Not only that, it is impossible to not have competitors. Everyone who has a business has competition. Period. If you don’t have competition, you don’t have a market! You may be a first-mover, but you are moving into a void space filled with the sound of crickets.

Every product or service must solve a customer’s problem. Your competition might be in the form of substitute products that solve the problem differently or accomplish something similar to your product. Or it may exist in the form of alternatives, such as a trip to the local movie theatre as an alternative to a meal out in a restaurant, or the purchase of a movie CD from a roadside vendor instead of an HBO subscription.

This brings us to an important question -

What does it truly take to become a first mover and gain advantage from it?

Firstly, you’ve got to be the first or at least very early into a market. It might be a brand new market, or it might be a disruption of an existing market causing a new niche. But needless to say, some “first-ness” is a prerequisite. 

This is not as simple as it seems since the burden of educating the market rests entirely on the first-mover, who must invest a disproportionate amount of time and money in winning mindshare, teaching customers, and producing demand.

And there's always the risk that you're completely incorrect and the market never materializes.

Secondly, you need to very quickly capture a huge percentage of that market. You need to grow at a breakneck pace while you are still hot and there is less organized and effective competition.

Third, you need to come up with some method to protect all that market share. Some form of the classic economic concept of high-switching costs. The biggest example of this is the case of Facebook! 

So there lies my dead facebook account. I barely post anything on these days. But I cannot, for the love of God, convince myself to delete the account. The high switching costs would be all the school and college friends, updates, photos, and data that I have collected on the system shall become dust!

In case it is not obvious, businesses with high switching costs are not that easy to build, especially in today’s internet-centric world where your competitors’ products are just a quick Google search away.

And the fourth and last detail you must pay attention to is to never pause the innovation. Even if you gain a considerable market share, there are always companies out there trying to outdo whatever you are doing. 

What’s in it for angel investors?

Hypothetically speaking, a first-mover company that has got its basics right can turn out to be the home-run you have been waiting for your whole life! But it is natural that a company needs a lot more than just a first-mover advantage. It is true that there are advantages to being the first entrant to a new market or the first to bring a new product or service to market. However, many times, the second or third entrant wins the war!

Take a look at Apple, it did not create the MP3 player or the first cell phone. It dominates both product categories today.

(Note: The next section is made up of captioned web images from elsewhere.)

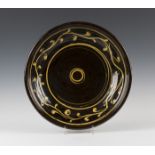 A Clive Bowen studio pottery shallow bowl, the dark brown glazed body with yellow slip decoration,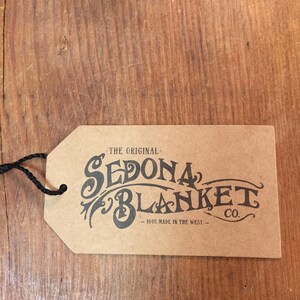 May include: A brown paper tag with the words "SEDONA BLANKET CO." in black script. The tag also reads "THE ORIGINAL" and "100% MADE IN THE WEST." A black string is attached to the tag.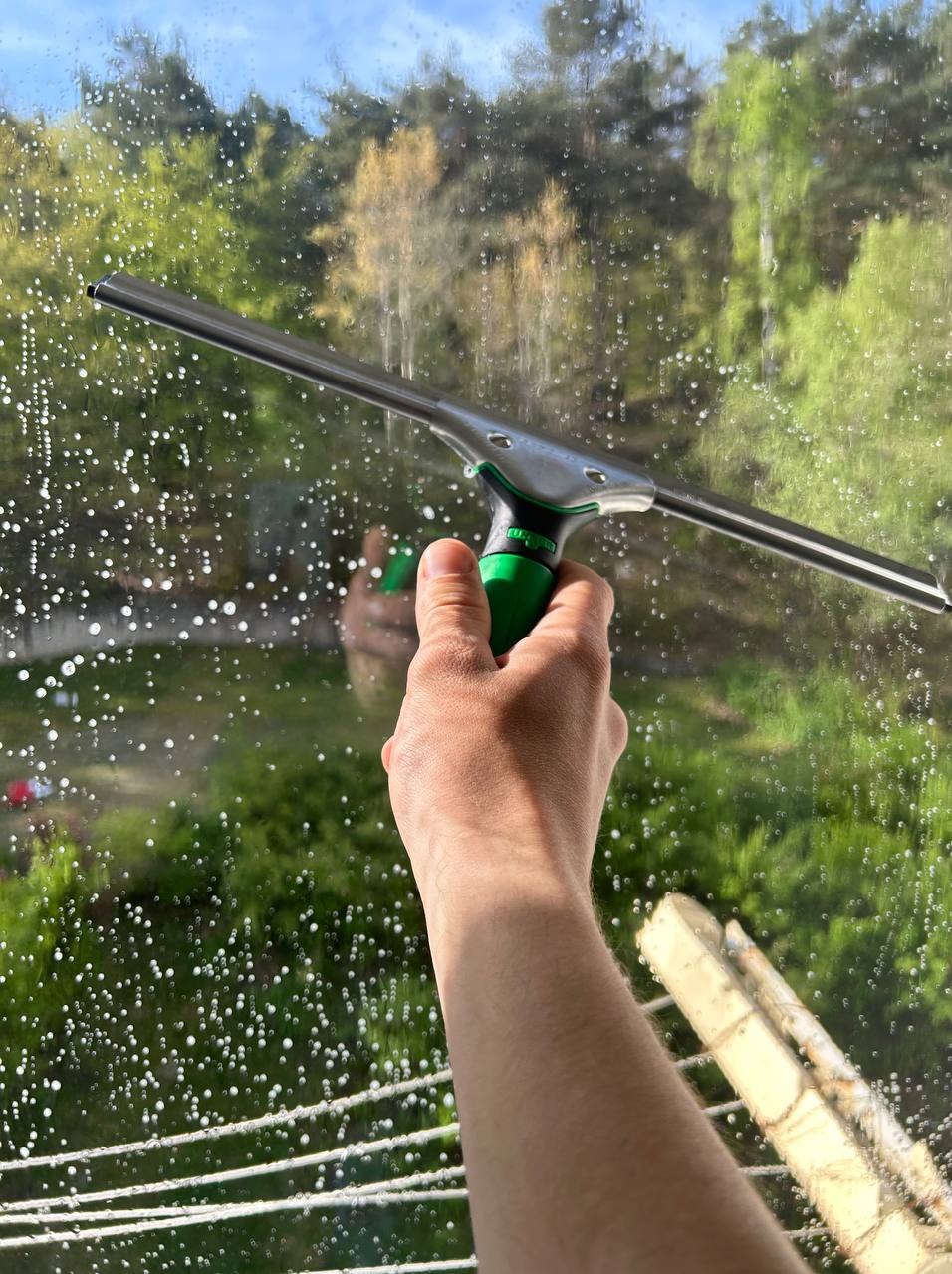 Ręka z zielonym uchwytem ściągaczki do okien na tle szyby pokrytej pianą, z widokiem na zieleń drzew i fragment drabiny sznurkowej w tle.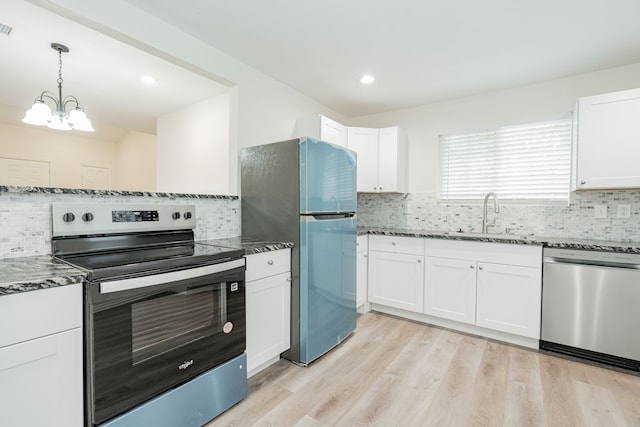 kitchen featuring light wood finished floors, appliances with stainless steel finishes, a sink, and white cabinetry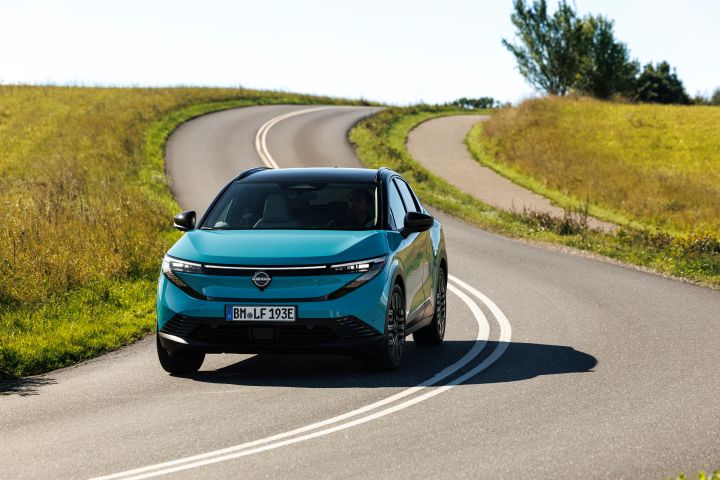 Auf einer kurvigen Landstraße mit gelbgrünen Feldern zu beiden Seiten fährt ein türkiser Nissan LEAF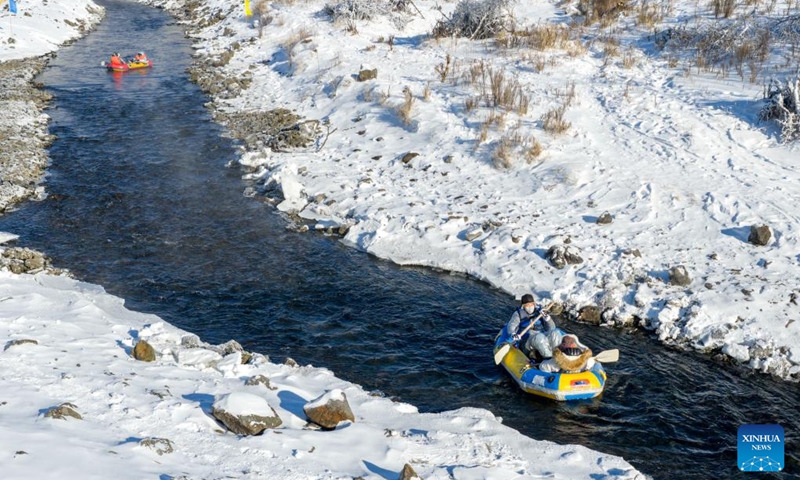 An aerial drone photo shows tourists rafting on the Halha River in the city of Arxan of Hinggan League, north China's Inner Mongolia Autonomous Region, Jan. 1, 2026. Despite Arxan's frigid winter cold, this geothermally-affected section of the Halha River never freezes, which attracts great amount of tourists in winter. (Xinhua/Ma Jinrui)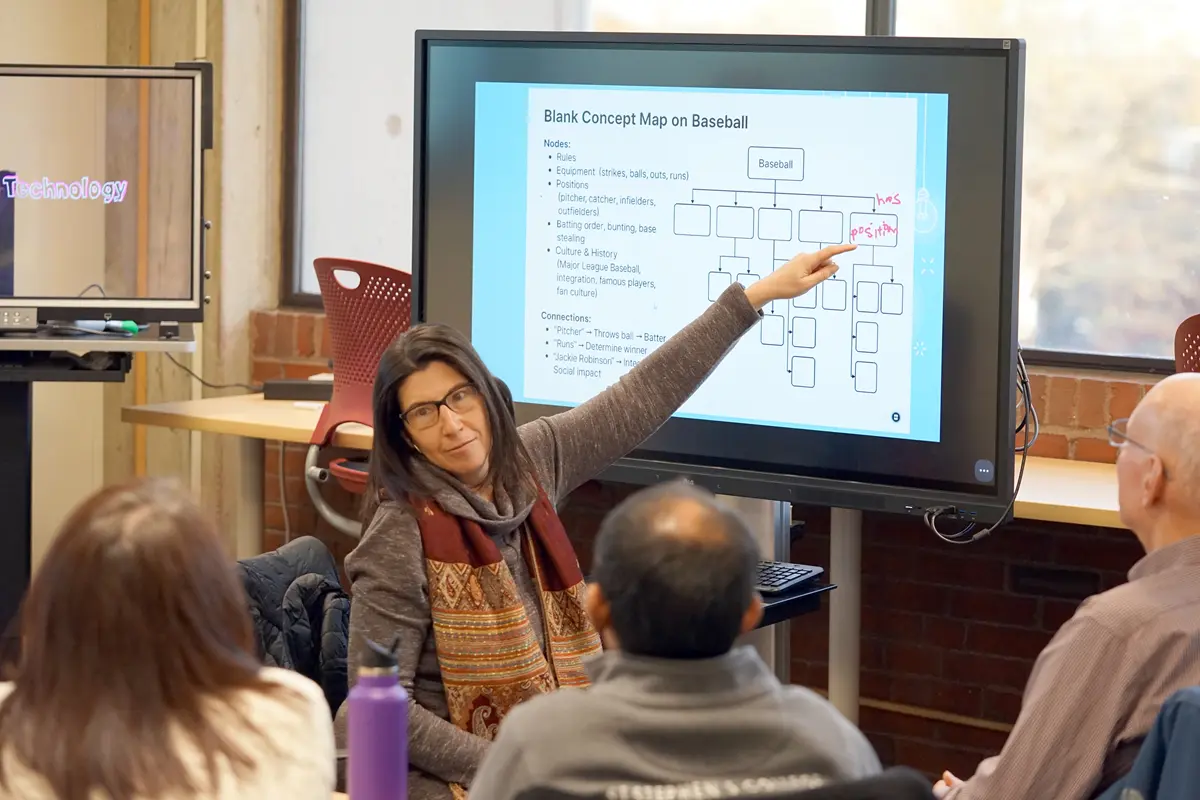 A man in a checkered shirt uses a touch screen monitor in a classroom.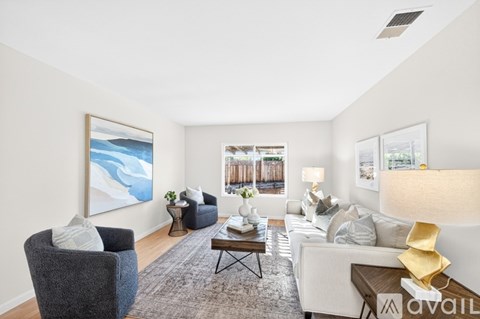 A living room with a grey armchair, a white sofa, a coffee table, and a painting on the wall.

Blackberry was the phone of choice for business class in Y2K. But whose stock would you have rather bought and held since then?

Seed investors have a lot to gain if the first-mover company makes it through all the turbulence. After that, the sky is limitless. But the question is, how willing are you to take off with baby wings?

 Check, mate!

Angel investors and entrepreneurs alike must be smart when it comes to first-mover companies. Investors must not invest without the proper market research and entrepreneurs must not claim their company to be a first-mover without knowing the logistics behind it.

It is safe to say that while gaining a first mover’s advantage isn’t impossible, it’s just much more difficult, rare, and expensive than most people realize. It does exist. And it can be a heck of a wave to surf if you are lucky enough to catch it.